__Action item__
Let the output be exactly the lines from the one containing "Keramikos karoliukai, apvalūs, baltai" through the end of the records below, both included.

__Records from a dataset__
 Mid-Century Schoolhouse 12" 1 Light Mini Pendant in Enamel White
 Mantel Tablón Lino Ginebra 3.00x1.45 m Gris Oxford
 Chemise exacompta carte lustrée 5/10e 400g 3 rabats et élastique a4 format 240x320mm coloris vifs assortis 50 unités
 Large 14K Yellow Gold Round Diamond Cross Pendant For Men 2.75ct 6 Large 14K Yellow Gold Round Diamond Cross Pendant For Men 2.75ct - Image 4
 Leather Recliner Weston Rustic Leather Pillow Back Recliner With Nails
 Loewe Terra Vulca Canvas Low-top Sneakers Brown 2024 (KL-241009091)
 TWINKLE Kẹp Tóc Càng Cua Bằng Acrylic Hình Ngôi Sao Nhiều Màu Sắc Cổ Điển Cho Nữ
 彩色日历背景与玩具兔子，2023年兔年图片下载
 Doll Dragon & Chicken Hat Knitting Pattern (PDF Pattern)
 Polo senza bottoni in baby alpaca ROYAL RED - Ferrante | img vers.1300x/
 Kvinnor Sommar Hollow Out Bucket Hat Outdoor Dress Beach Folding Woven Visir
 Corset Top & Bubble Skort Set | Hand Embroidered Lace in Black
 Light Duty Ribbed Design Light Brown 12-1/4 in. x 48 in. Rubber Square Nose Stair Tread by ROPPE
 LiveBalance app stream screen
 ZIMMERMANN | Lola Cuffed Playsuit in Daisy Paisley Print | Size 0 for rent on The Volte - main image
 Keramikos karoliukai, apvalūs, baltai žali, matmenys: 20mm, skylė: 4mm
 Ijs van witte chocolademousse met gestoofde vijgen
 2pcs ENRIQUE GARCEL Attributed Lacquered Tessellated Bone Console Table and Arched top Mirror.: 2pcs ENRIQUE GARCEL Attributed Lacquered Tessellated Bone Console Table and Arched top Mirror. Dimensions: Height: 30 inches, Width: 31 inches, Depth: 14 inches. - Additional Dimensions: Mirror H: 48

__Written answer__
 Keramikos karoliukai, apvalūs, baltai žali, matmenys: 20mm, skylė: 4mm
 Ijs van witte chocolademousse met gestoofde vijgen
 2pcs ENRIQUE GARCEL Attributed Lacquered Tessellated Bone Console Table and Arched top Mirror.: 2pcs ENRIQUE GARCEL Attributed Lacquered Tessellated Bone Console Table and Arched top Mirror. Dimensions: Height: 30 inches, Width: 31 inches, Depth: 14 inches. - Additional Dimensions: Mirror H: 48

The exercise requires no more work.